Tuesday, March 16, 2010

Sticky, Syrupy Threads

Discussion forums continue to be the most useful social media space to gain consumer insight from, for now at least.

Within these forums you can follow consumer's problems, desires, experiences etc and see how discussions evolve around out clients products, services and brand values. One species of thread which has always very been prominent on forums is the mega-thread. Why are they so "sticky"?

These threads are way longer than average in number of posts. Some run to many thousand entries. It seems they break down into both serious, often heated discussion, diverse postings around a topic - like a new mobile telephone - , or pure trivia like jokes or chain stories.

One reason that they are sticky (ie attract users and keep them coming back) is that they often have prominent placings when forum threads are ranked in order of date on topic listings page, or on the more recent "hot topics" side bars on home pages and top level forum category indexes. It would be interesting to see statistically when such threads attract a critical mass, and how they develop from there. This could be a useful metric and watch alarm-trigger. Rate of growth, number of lead influencers, ranking: some algorythm could be made to work and fish them up to a dashboard panel of "Hot stuff"
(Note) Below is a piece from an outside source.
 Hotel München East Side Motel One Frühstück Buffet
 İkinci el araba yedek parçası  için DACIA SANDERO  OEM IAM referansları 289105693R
Consumers coming to a forum see these mega-threads as the " tall oaks" amongst the grasslands of granular postings. By their stature, they demand respect and people will often come on board a product topic and post their " 2 cents" before they would consider creating a new thread, even if their "2 cents" is a little off topic or outside the current line of arguement. In this way they appeal to the conformist consumer.

These threads then, are not purely a result of some natural magnetic force , or social diffusion through the ethers of the internet. Most are nurtured, and some are not only fertilised with fresh content, but have their space cut clear for weeds, these being small competing threads. Users who can be identified as opinion -leaders, early adopters, expert-insiders or collectively lead influencers, will steer a thread they like and by carefully timed posting and replies to users comments, they will keep the thread up there in the top 5.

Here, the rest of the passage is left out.